### WHAT TO WORK ON
Your job is to give again, exactly and with no additions, the lines in the records below from the one with "Image similar to" through the one with "Self Adhesive Drain", both included. Omit the pictures.

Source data
━━━━━━━━━━━━━━━━━━━━

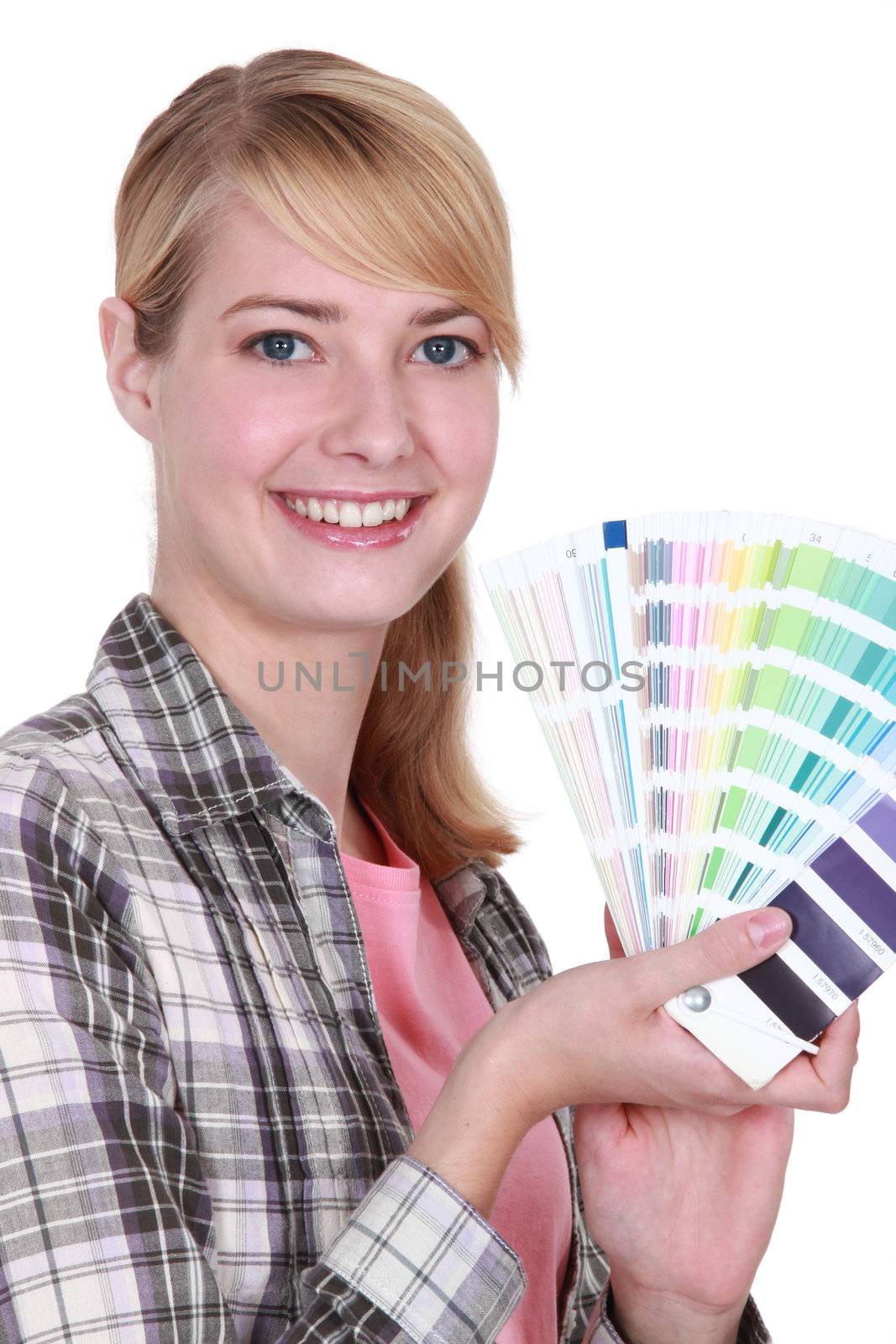 Woman with a color chart by phovoir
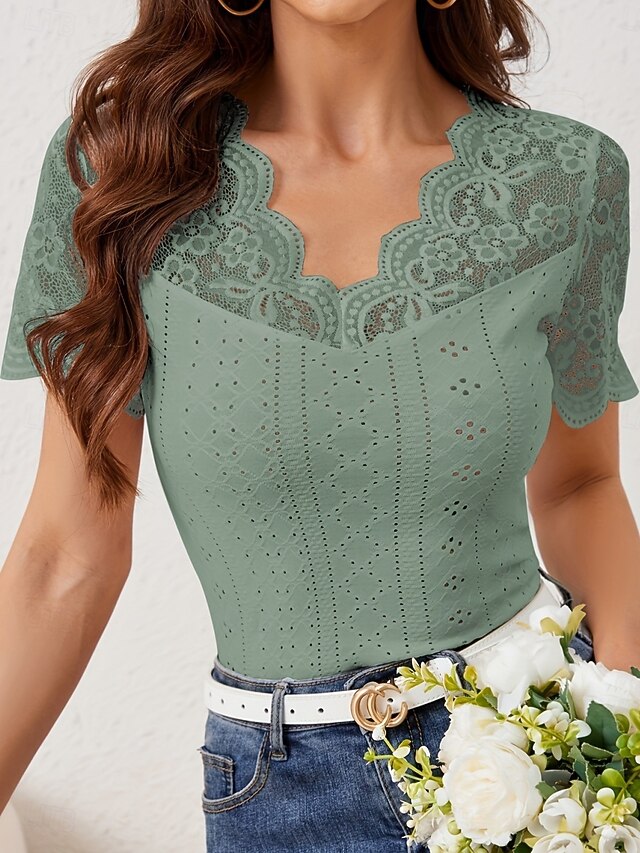 Women's Blouse Lace Tops Lace Patchwork Plain Stylish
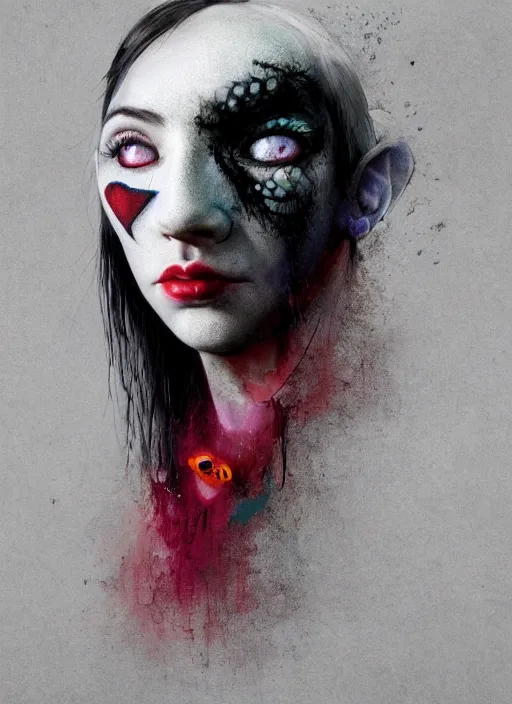 Image similar to portrait of sinister girl with pouty aerochrome lips, skeksis, unforgivable, cute bandaid on nose!!, expressive eyes, full body, deathly skin, greg rutkowski, charlie bowater, yuumei, stephen gammell, unreal 5, daz, hyperrealistic, octane render, rpg portrait, dynamic lighting, fantasy art, beautiful face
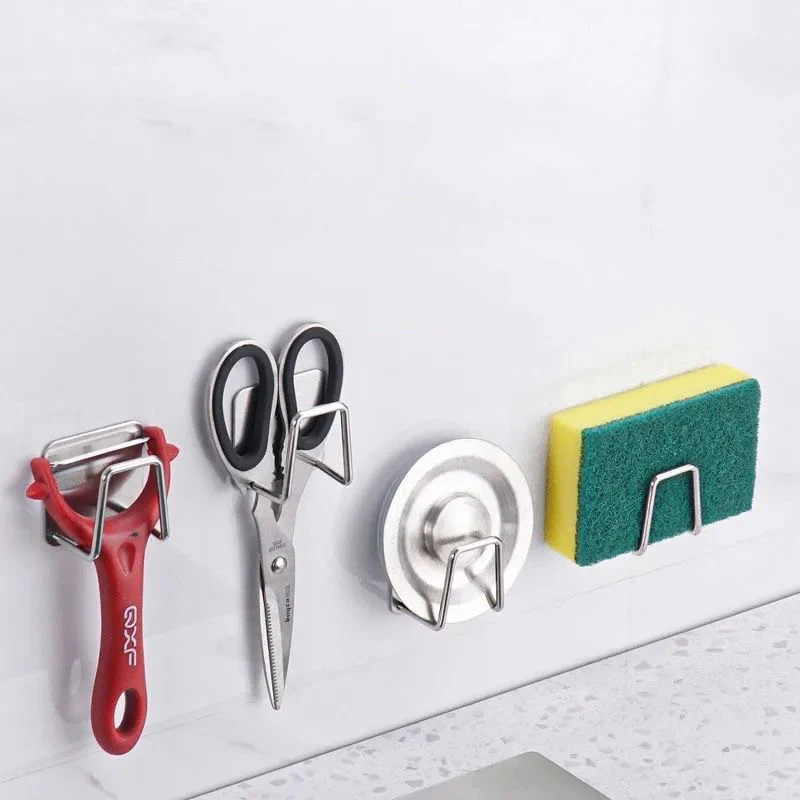 

Self Adhesive Drain Drying Rack Kitchen Strong Wall Hanger Hook Sink Sponges Holder Kitchen Wall Hooks Accessories Organizer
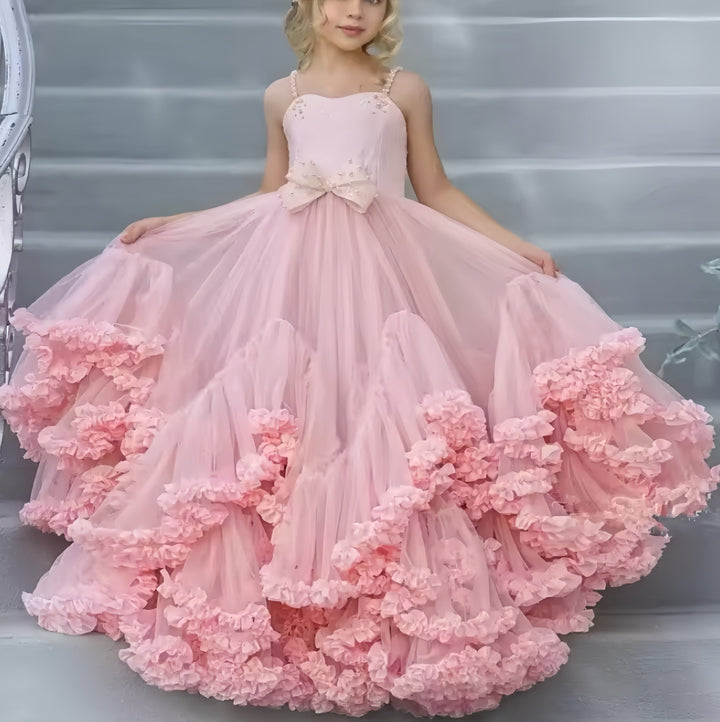 Sunnypetal Pink Kids Flower Girl Dresses Tulle Beaded Bow Pageant Gowns With Train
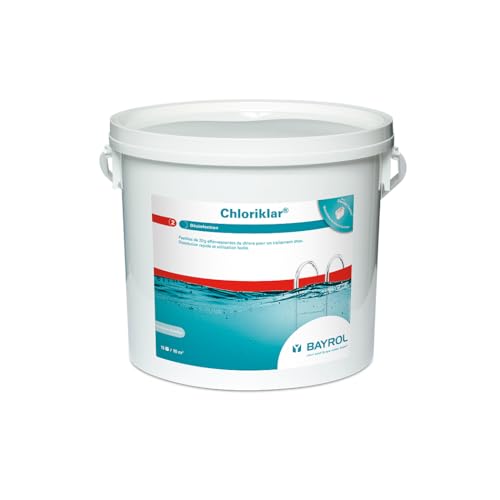 BAYROL Chloriklar 5 kg - Pastilles effervescentes de Chlore 20g - chloration Choc Piscine - désinfection Rapide - Traitement des algues Vertes & Eau Trouble - Dosage...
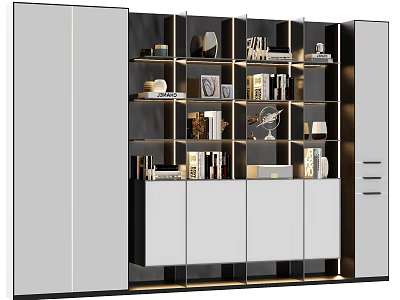 Modern Decorative Cabinet With Open Shelves Closed Cabinets And Metal Accents 3d model
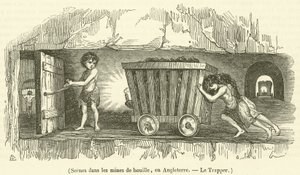 Szenen in den Kohleminen in England, Der Trapper von French School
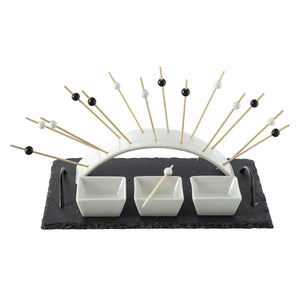 Farfurie aperitiv Atmosphera, 30x20 cm, Porțelan/ardezie/bambus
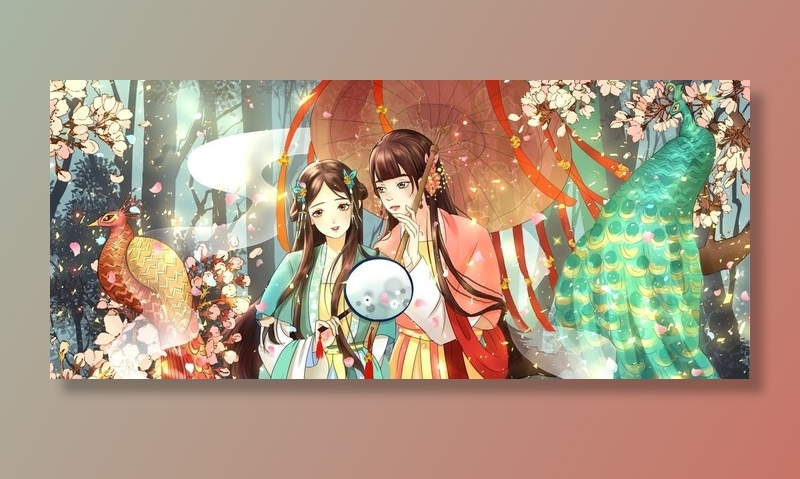 汉服女性传统复古插画背景素材图片psd模版下载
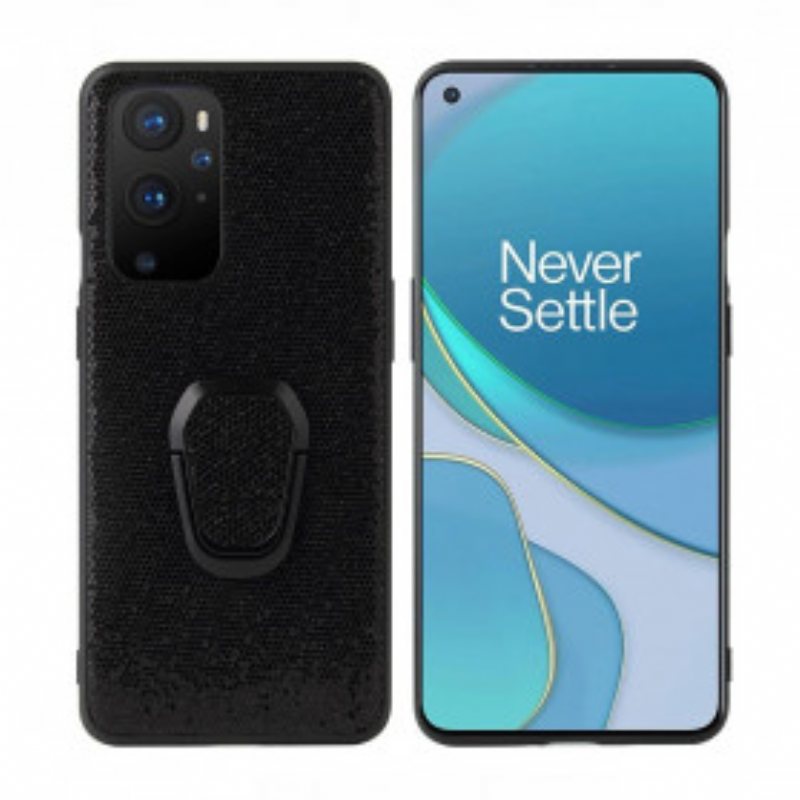 Deksel Til OnePlus 9 Pro Svart Glitter Ring-støtte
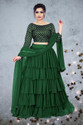 BIPIN FASHION Embroidered Semi Stitched Lehenga Choli (Green)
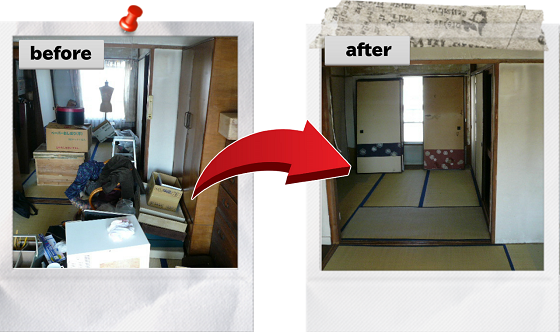 物置きの整理　ビフォーアフター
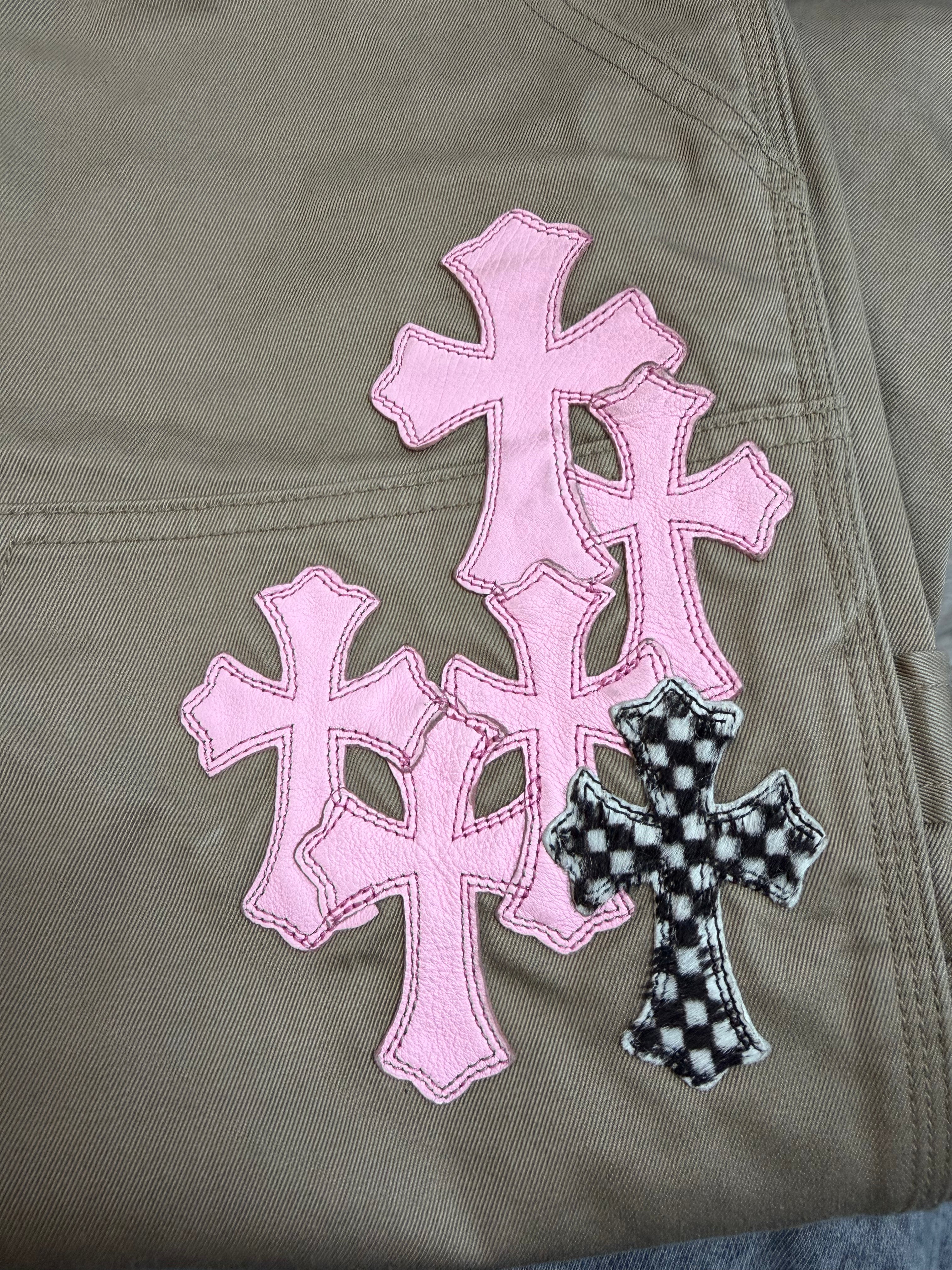 Chrome Hearts Tan Pink & Checkered Cross Patch Carpenter Pants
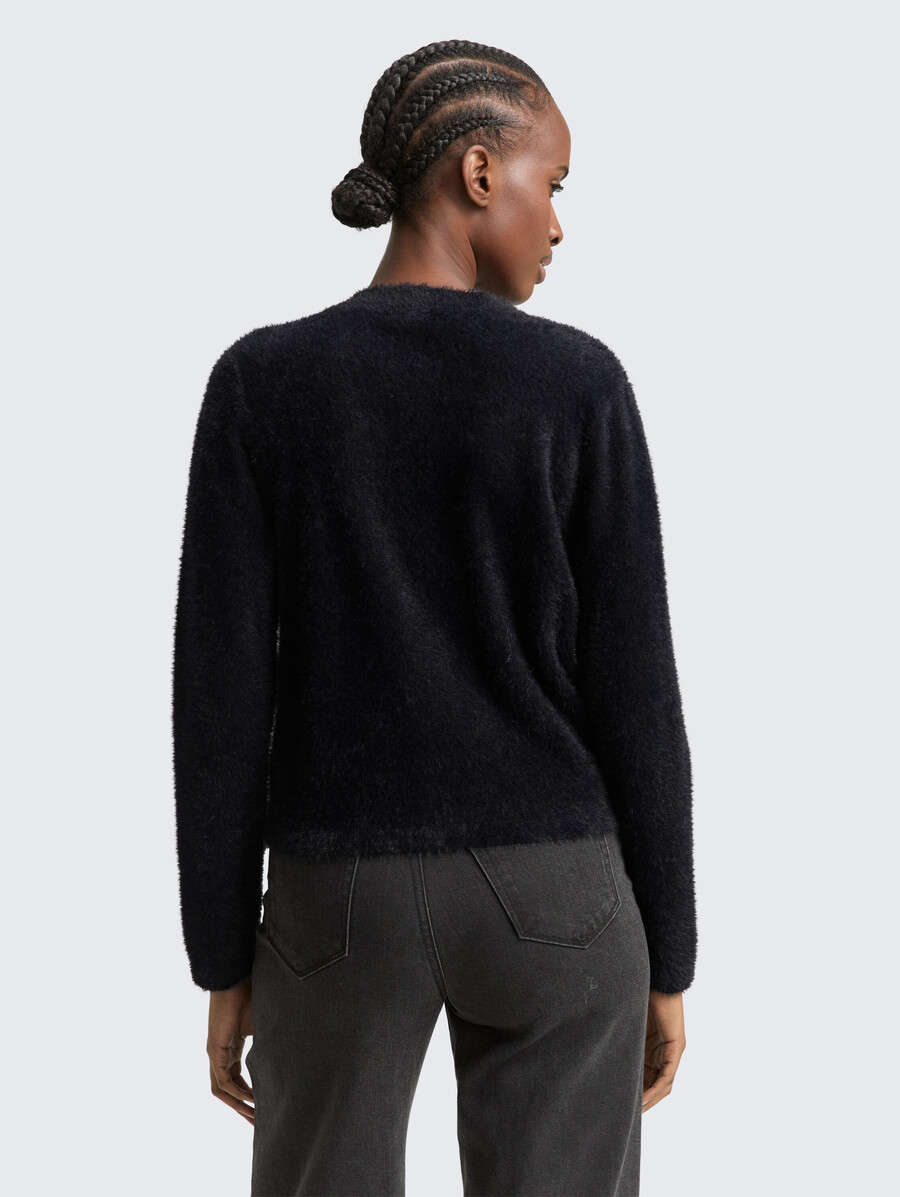 cardigan in filato di piume con cerniera
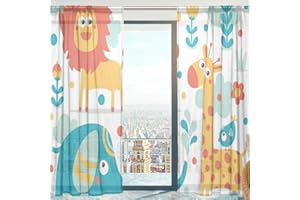 Mnsruu Rideaux Transparents pour fenêtre, Motif éléphant, Lion, Girafe, Jungle en Tulle Doux pour Salon, Chambre à Coucher, Chambre d'enfant, 140 x 198 cm, 2 Panneaux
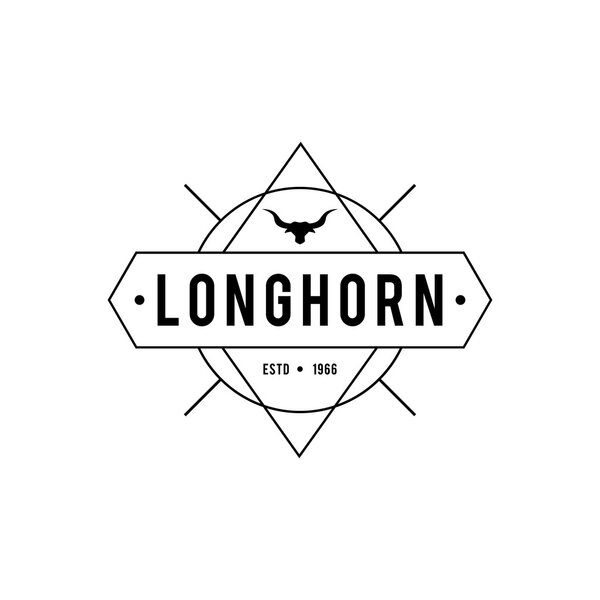 Vintage label with silhouette of bull head. Texas Wild West Theme. Vector illustration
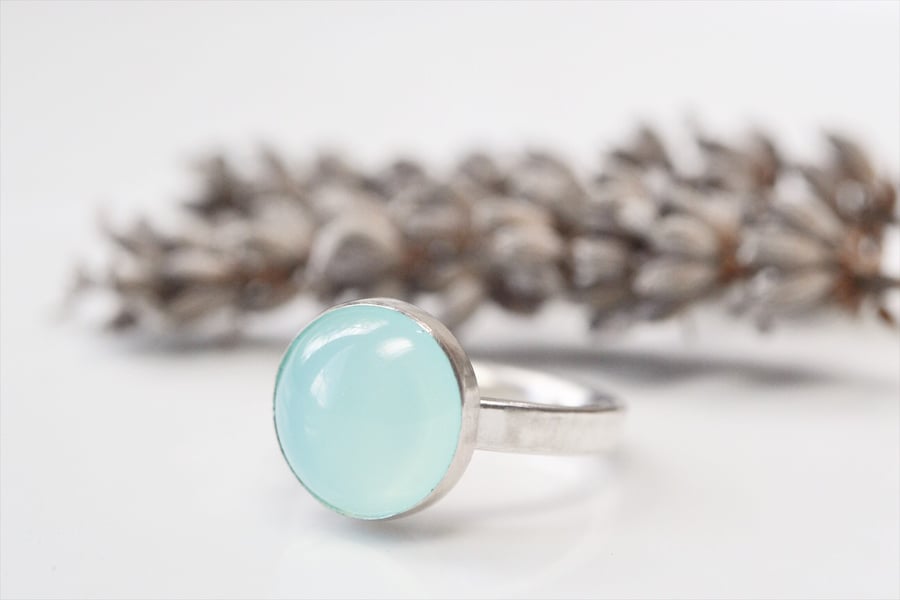 Sea green agate cabochon ring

━━━━━━━━━━━━━━━━━━━━

### ANSWER TO THIS EXERCISE
 Image similar to portrait of sinister girl with pouty aerochrome lips, skeksis, unforgivable, cute bandaid on nose!!, expressive eyes, full body, deathly skin, greg rutkowski, charlie bowater, yuumei, stephen gammell, unreal 5, daz, hyperrealistic, octane render, rpg portrait, dynamic lighting, fantasy art, beautiful face

Self Adhesive Drain Drying Rack Kitchen Strong Wall Hanger Hook Sink Sponges Holder Kitchen Wall Hooks Accessories Organizer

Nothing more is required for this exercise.